My husband and I went to Wilmington, NC to visit some family last year. We took her into Target with us because we didn't want to just leave her in our hotel room; and as we were in line at a register, the store manager told us we couldn't have her in there. She was in her backpack and absolutely quiet. So that's one store that won't for sure...just in case you ever go there. He said it was because they had food in there. I haven't taken her to any stores since and hadn't previously either. I know she'd be too excited for her own good at a restaurant, so that's out as well as going out to movies and events. Although this summer, we'll probably take her to some outdoor music events. I think certain neighborhoods are okay with it in Chicago, but I'm not sure of which ones.


----------



## Mel's chi's (Jun 2, 2011)

So let's see if this works...
So just click the pic to see larger version...can't seem to get it to resize appropriate and show up







I love this carrier because I can carry 2 dogs at once ( I got the large size) and it is very hard to see inside even though the sides are mesh. I have 2 colors as you can see. It is also airline approved. Now I am looking for a more dressy purse version ( LS posted a great one, just waiting to see how she likes it) for when I want to be even more incognito!


----------



## Suzn (Feb 8, 2012)

Oh... I like that.


----------



## ~LS~ (Oct 29, 2011)

First of all, WELCOME to the forum Aly!!! 

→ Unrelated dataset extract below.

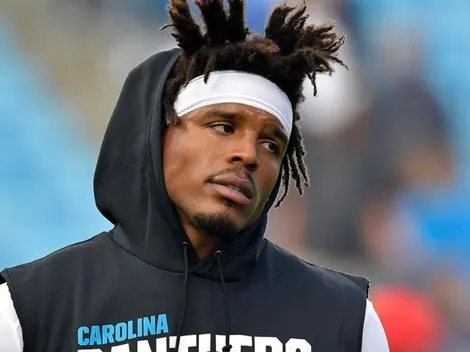 Seattle Seahawks, ¿el destino ideal para Cam Newton?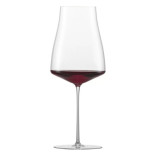 Taurės vynui Zwiesel THE MOMENT 862 ml (2 vnt.)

Now, the most important thing about carrying your pup is to
ensure she is safe. Certain carrier styles don't close well, so
your dog can slip right out. Also remember to always attach
the little "leash" that is inside your carrier to her harness for
added safety. 

When you do take your pup out in the carrier don't forget that
she is not an accessory, let her walk to and from the destination,
to ensure that she actually gets some exercise instead of just 
sitting in a hot bag all day. 

As for where to take her, well that is up to you. You can sneak her
into the places you mentioned and worse comes to worst if someone
tells you no dogs are allowed you simply apologize and leave, no big
deal.

Make sure you bring a bottle of water for your pup, and a little food 
if you are planning on being out long.

Have fun with your pup on your outings, use this time to exercise her,
to socialize her and to bond!


----------



## Suzn (Feb 8, 2012)

Thank you. Very good information. 

My Paco still uses potty pads so I also make sure I take one in a zip lock bag so he can potty wherever we go. I will be glad when the weather warms up here so he can learn to potty on the grass but it is still hovering around freezing temps here.


----------



## mooberry (Jan 31, 2011)

Bijoux comes with me to the book store, they love her in there, they actually pass her around and take pictures. It's actually a good thing it helps with her socialization


----------



## mommasboy (Dec 25, 2008)

I have 2 chihuahuas (soon to be 3) and they go EVERYWHERE with me, whether allowed or not. I kinda know the places that don't allow them so I bought a very cute and fully enclosed (all but 4 small air holes on the sides which are small and unnoticeable) doggie purse that looks just like my actual purse. I put them in there when we are going in a non dog place or event. Now, the key, as someone already mentioned, is starting to get them used to the purse when they are very little or else they won't ever go in. My dogs are sooooo used to it and know that when they go in the bag its quiet time and they just sleep and make not a peep. Yesterday they went into applebees, Walmart and a cheer leading performance and no one even knew they were there. I love being able to take them with me everywhere. I'm getting my 3rd in just two weeks so I'm already planning on taking him with me day 1 in the purse so he gets used to it right away. I'm so excited. My husband is pastor of our church so they even go to church in their bag and sit on stage while I play/sing and are quiet as can be. I'm so blessed with that. Hope you get daring and start taking yours with you. Lol. Most people in my town know me and get upset if the puppies don't come with me. Lol.


----------



## Hollysmom (Nov 26, 2011)

I do sometimes. I usually just take Holly into pet friendly places like PetSmart, although I've taken her into a hardware store before. No one said anything about having her with me but they did look. lol One employee did ask me a question on my way out. He asked if she could say taco bell.  lol I also took her into a restaurant before. However, it isn't a typical restaurant and she had been in her carrier. I made sure to ask first, or rather I had my son ask. Who could resist a little boy and his dog? lol

I wouldn't worry too much about it. I've seen other people take their dogs into such places as Wal-Mart, the bank, and the mall. Most were little dogs, although I've seen a couple of large breeds as well. I don't think most places mind. As long as they are being carried around by their person the stores don't have a problem with it. The only time I saw someone get kicked out was at Wal-Mart and that was because their pup (a Rottie) was in a shopping cart. The other two large breeds were on leashes. One was even at the mall! I also saw a chi there!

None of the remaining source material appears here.